• [Instructions to follow]
Pictures are to be excluded. Please print only the lines from the one containing "THE CITRINE BLOOM KURTA SET" through the end of the data, exactly as they appear.

--*--

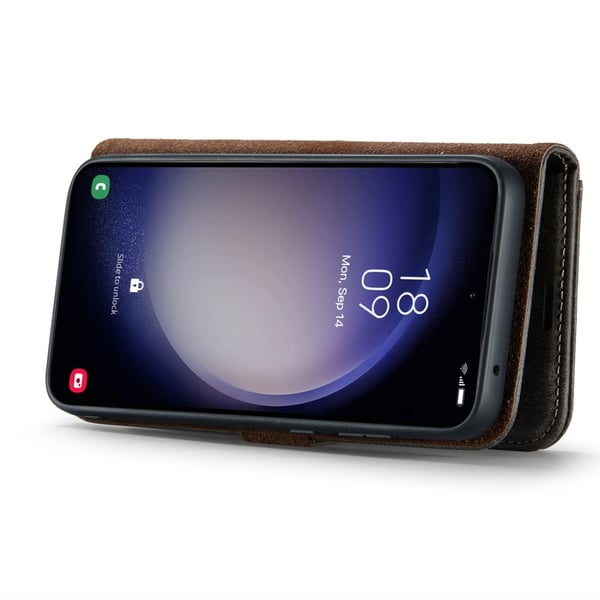 DG MING Samsung A36 5G 2-i-1 Magnet Flip Cover - Grå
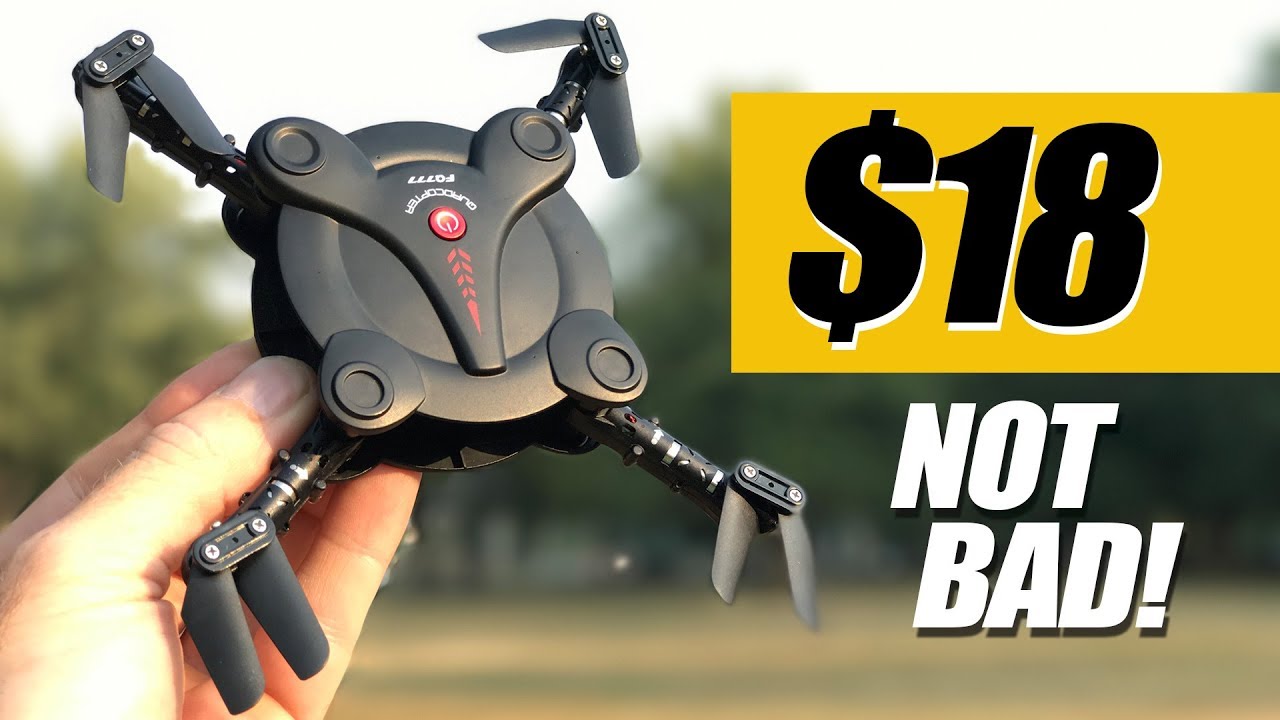 $18 Foldable BEGINNER Drone - FQ777 FQ17W - 100% Honest Review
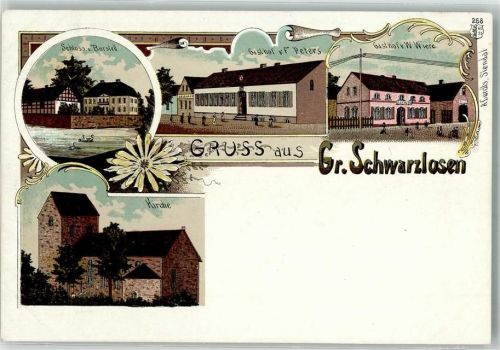 Groß Schwarzlosen Schloß v. Borstell Gasthaus Peters Gasthaus Wiere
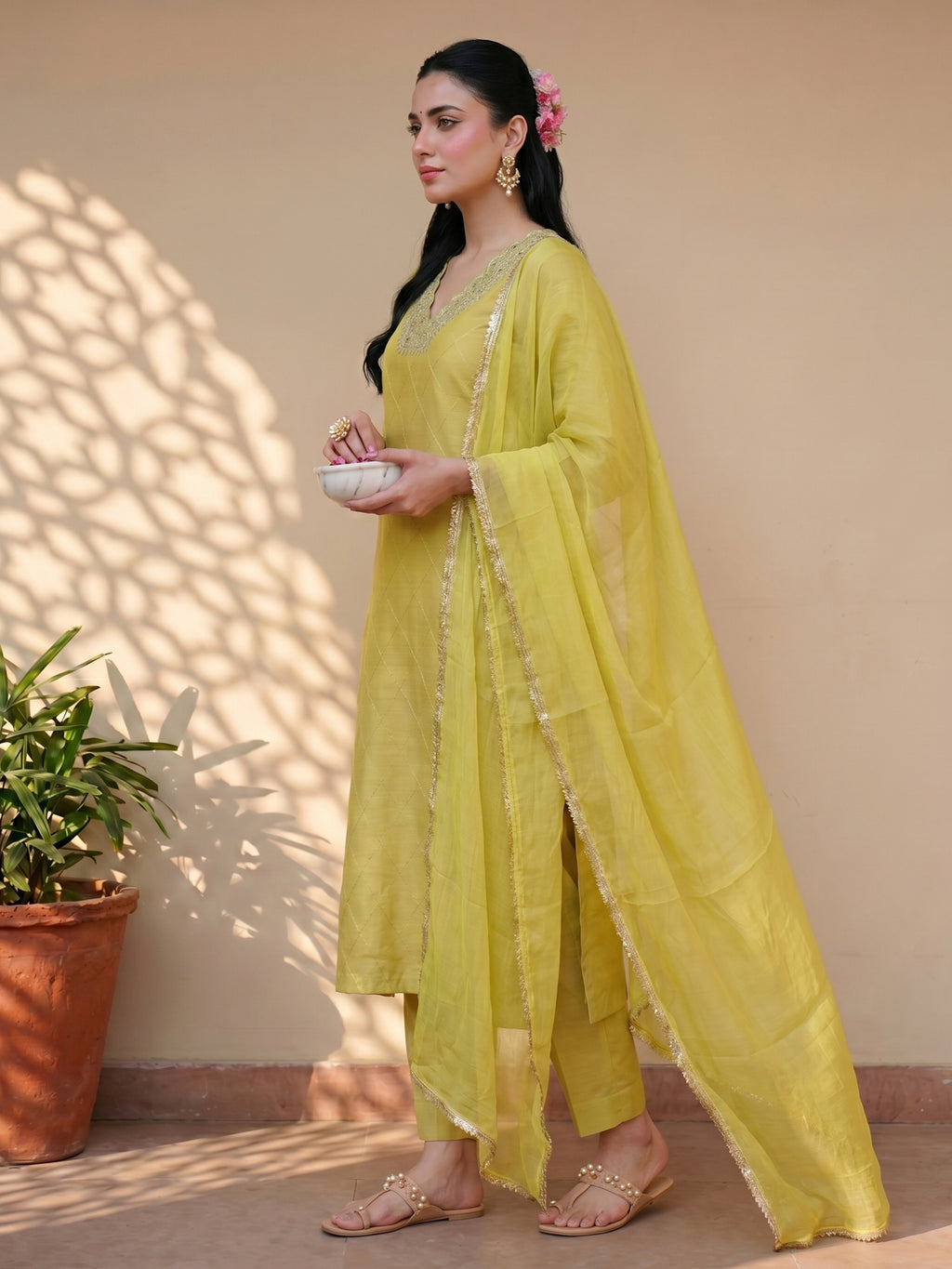 THE CITRINE BLOOM KURTA SET
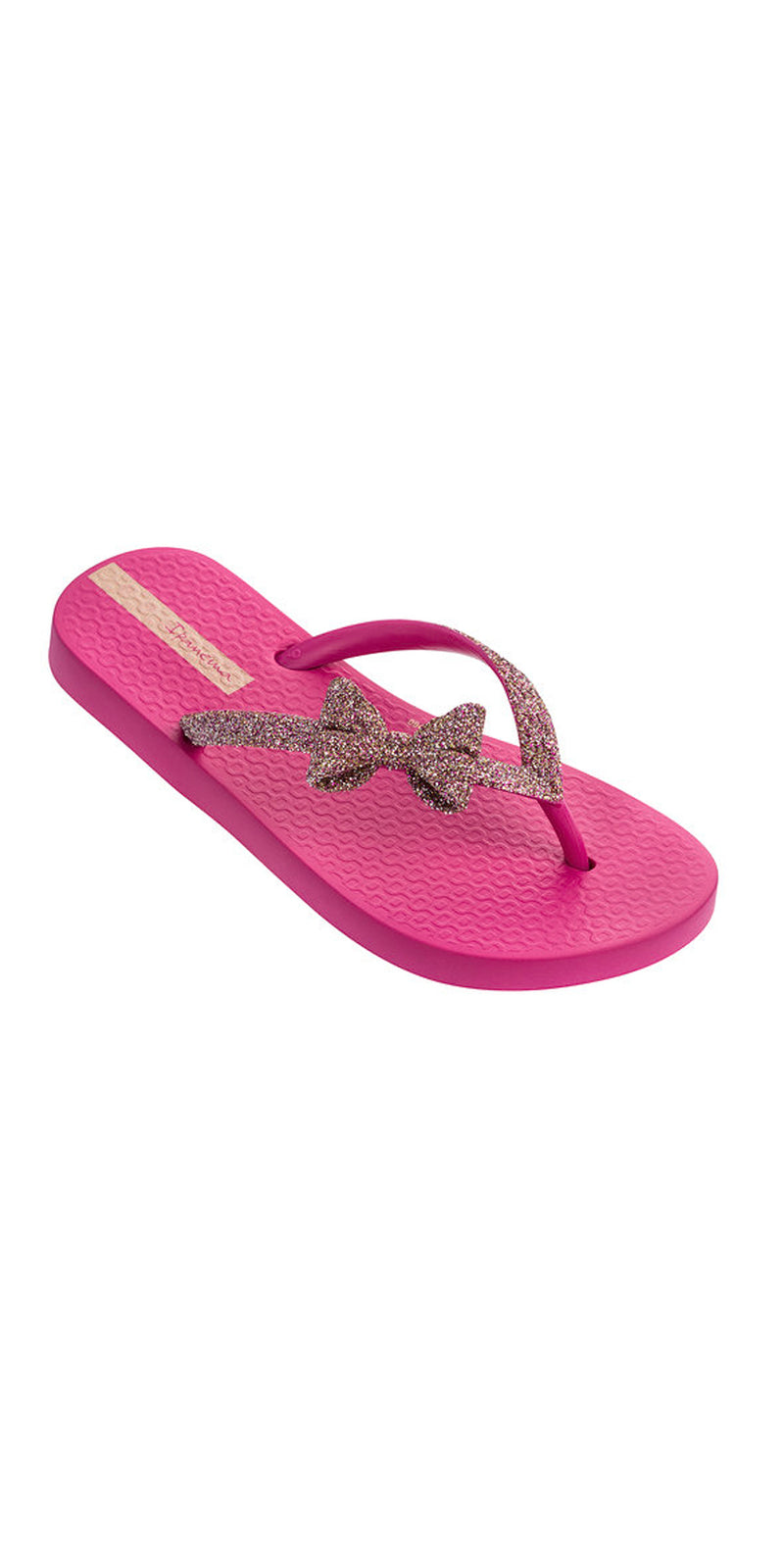 iPanema Glitter Bow Kids Flip Flops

--*--

• [Finished task]
 THE CITRINE BLOOM KURTA SET
 iPanema Glitter Bow Kids Flip Flops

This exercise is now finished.